I don't hear many people talking about how essential it is to turn translation clients off. But in reality, it's just as important as finding good translation clients.

Once you can pinpoint who your ideal clients are, you can quickly point out the ones who are not a good fit for you. This may sound a bit odd, but it is just as important to repel the wrong clients as it is to attract the ones with whom you prefer to work. So, how can you do both effectively and respectfully? Here are my tips on how to make sure you do this well.

  • Be very specific about your niche(s)/specialization(s).

In other words, don't call yourself a generalist, even if you believe yourself to be one for the most part. Just because you may have a variety of clients from more than one industry, you can still narrow down the type of work you do into a couple of specialized areas. By doing this, you are setting yourself up to work only with clients in those main areas. Of course, if one comes along who does not fit these areas of specialization, you can make the call to work with them or not. But the sooner you specialize, the sooner you can repel the clients who don't have a decent budget, who have unreasonable expectations or who simply don't fit the area(s) in which you work. By being very clear about what you do and for whom you work, it will be easier to repel those clients who are less than ideal.

  • Avoid mentioning the type of work you don't wish to do.

This may seem like a no-brainer, but I've seen so many translators who advertise an area of specialization or a type of client work on their website that they would actually prefer to stop doing.

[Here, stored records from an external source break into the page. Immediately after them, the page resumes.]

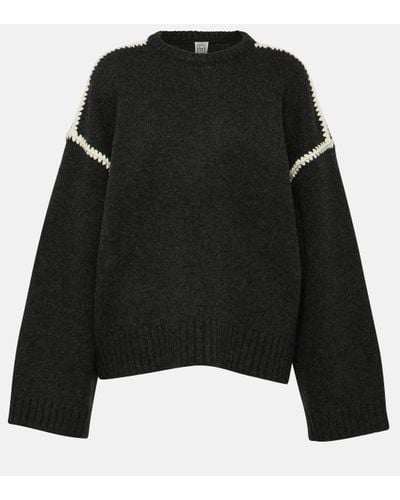 Totême Embroidered Wool And Cashmere Jumper - Black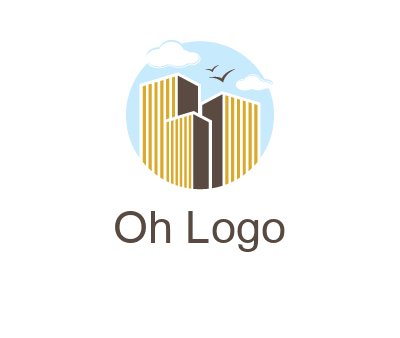 circle sky with buildings logo illustration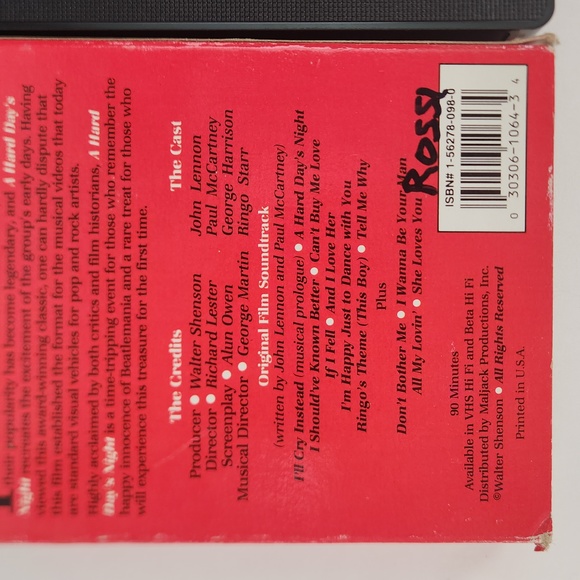 THE BEATLES A Hard Day's Night VHS HI Fi Stereo Mint Condition - Picture 4 of 12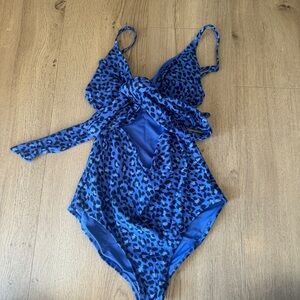 Aerie One Piece Wrap Swimsuit Blue Leopard Print American Eagle Size Small Long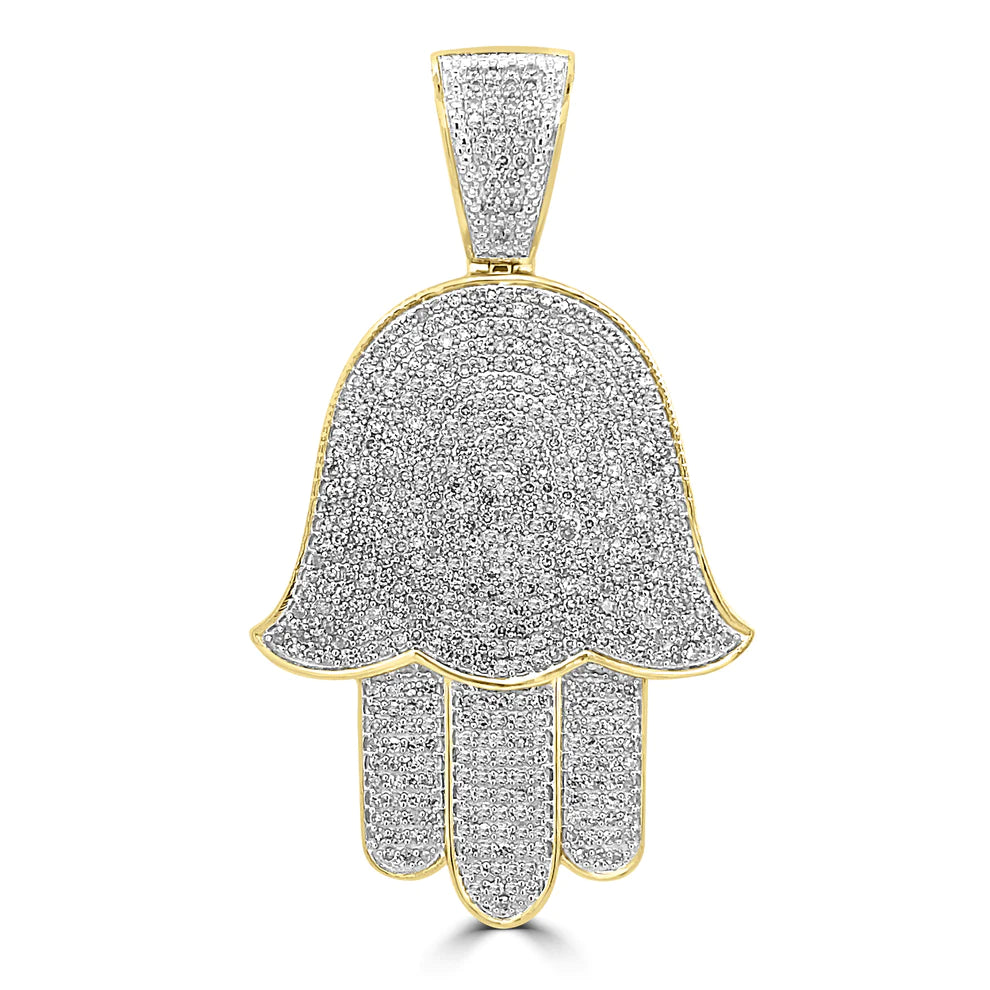 Hamsa Pendant - Yellow Gold Diamond | 2.17CTW | 10K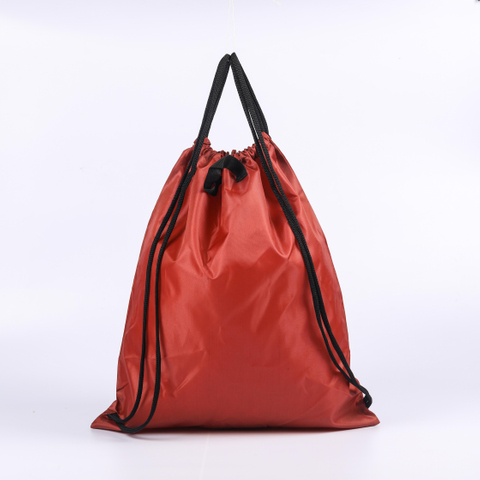 MECO Red Polyester Drawstring Bag with Paris Logo Print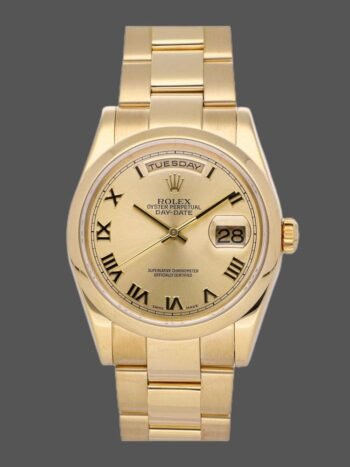 Rolex Day-Date 118208 Replica Yellow Gold Champagne Dial Roman Numerals 36mm Unisex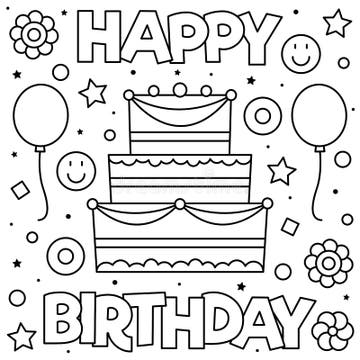 Happy Birthday Coloring Illustration Stock Illustrations – 4,571 Happy ...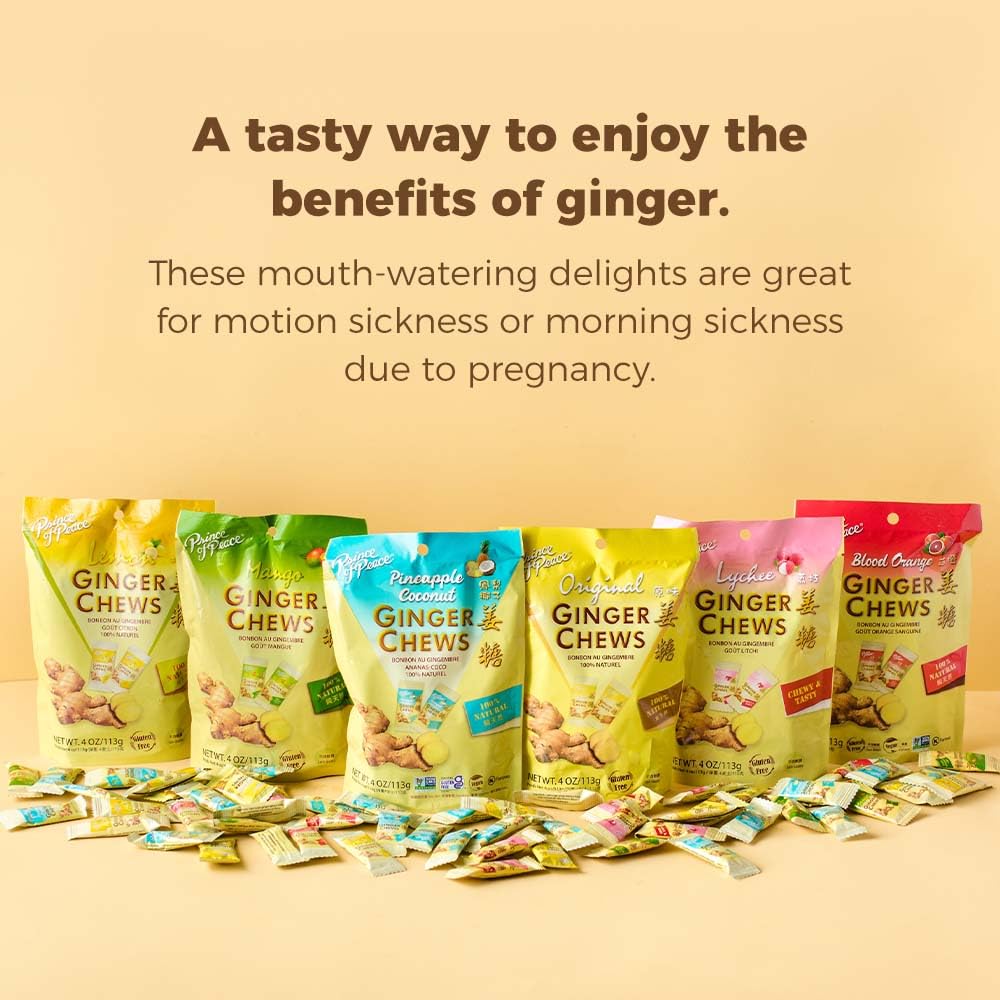Prince of Peace ginger chews individually wrapped for freshness and portability.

They tell me that they continue to mention it because they don't want to seem inexperienced or close any doors. "What if that's the only type of work I have right now?" And here's where I'd say, "If you don't want to take on a certain type of translation work, then stop talking about (and accepting) it. The longer you do, the longer you'll attract that kind of work." This concept can be carried over to one's résumé, too. If you prefer not to handle certain types of documents or niche areas, it's best not to even mention them on your CV. Instead, focus on what you do want to do and you'll start to attract more of it.

  • Talk directly to the type of client you wish to attract, and avoid talking to those who no longer serve your career goals.

I mention this a lot on the blog and in my T&I Website Blueprint course. It is vital to direct all your marketing efforts, including your web copy and design, to speak to your ideal clients. Talk directly to them, addressing their challenges and pain points and show how you can help solve them. Just as you should avoid mentioning the type of work you don't want to take on, you should also avoid talking to clients with whom you don't wish to start a business relationship. Again, this may sound obvious, but if your web copy is attracting clients you no longer wish to work with on a regular basis, then it might be time to review and revise it. Pay attention to the language you use, and make sure it's fitting for the type of client you want to attract more of in the long run.

  • Check your mindset.

If you're going to attract your ideal clients, you have to come to terms with repelling clients, too. Not everyone should be a good fit for you. So, the next time you're at a party, and someone asks, "You're a translator? So, who are your clients?", try not to give the answer I've heard time and again: "Anyone who needs a [target language] translation." Please. "Anyone" is not your ideal client. The more specific and specialized you are when you describe yourself and your work (both in your marketing copy and when you discuss your work in person), the more you will attract your ideal clients.

It's okay that not every client is the right fit for you. This is a good thing. It means that you don't serve everyone. And honestly, who can?! It's important to recognize this and decide how you will start to actively attract (and repel) clients. By making a conscious effort to market to clients by appealing to them directly, you will inevitably start to repel those who are not your target audience. Instead of worrying about losing potential work or income, use the time you would be spending on that client's work by looking for better clients or handling jobs for clients you already value.